Horhe, Ty stary zboczeńcu, zdjęć z kąpieli nie będzie A jeśli chodzi o DL-a, to sprawdził się super. Uważam, że ten motocykl jest idealny na tego typu wyjazdy. Na ekspresówce zapinasz szóstkę i lecisz 140-150 km/h w dwie osoby z bagażami na lajciku. W zakrętach prowadzi się ekstra, osiągi ma naprawdę dobre. Ani razu nie czułem, żeby brakowało mi mocy. Na papierze o 5KM więcej niż Afri, ale w czasie jazdy czuć, że jest mocniejszy. I kręci się do ponad 10 tys. obr. Naprawdę jest szybki. Niestety na drogach nieutwardzonych nie jest już tak różowo, do Afryki duuużo mu brakuje. Nie nadaje się do jazdy w terenie. Najgorzej znosi bardzo dziurawy asfalt.
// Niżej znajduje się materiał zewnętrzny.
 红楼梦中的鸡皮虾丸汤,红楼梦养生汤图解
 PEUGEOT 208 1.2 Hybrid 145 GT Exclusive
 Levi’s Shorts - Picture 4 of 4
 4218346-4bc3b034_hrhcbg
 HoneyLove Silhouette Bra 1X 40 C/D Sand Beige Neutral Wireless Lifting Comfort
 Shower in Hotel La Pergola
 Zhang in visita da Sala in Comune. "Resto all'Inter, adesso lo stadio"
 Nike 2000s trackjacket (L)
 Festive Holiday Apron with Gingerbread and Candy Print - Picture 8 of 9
Tłucze wtedy niemiłosiernie, amorek dobija pomimo skręcenia na maksa, i masz wrażenie, że motór zaraz się rozleci. Na szutrze jest całkiem ok. O piachu i błocie można zapomnieć. Przetoczysz się jakoś, ale jest to walka o przetrwanie. Prześwit też szału nie robi, kilka razy uderzyłem centralką, cociaż nie jeździłem offem.
Mimo tych małych niedogodności jestem z niego zadowolony, jest bardzo wygodny, kanapa duża, jeszcze jedna Agnieszka by się zmieściła i wygodna, dupa nie boli nawet po całym dniu jazdy. Spalanie: przy prędkości krajoznawczej, 100-110 km/h spalił 5,1. Na dojazdówce z Wawy, prędkości dochodzące do 140-150 a czasem więcej, spalił 6,5. Myślę, że to bardzo dobry wynik. Jeśli chcesz jeździć po drogach, to jest to bardzo dobry motocykl.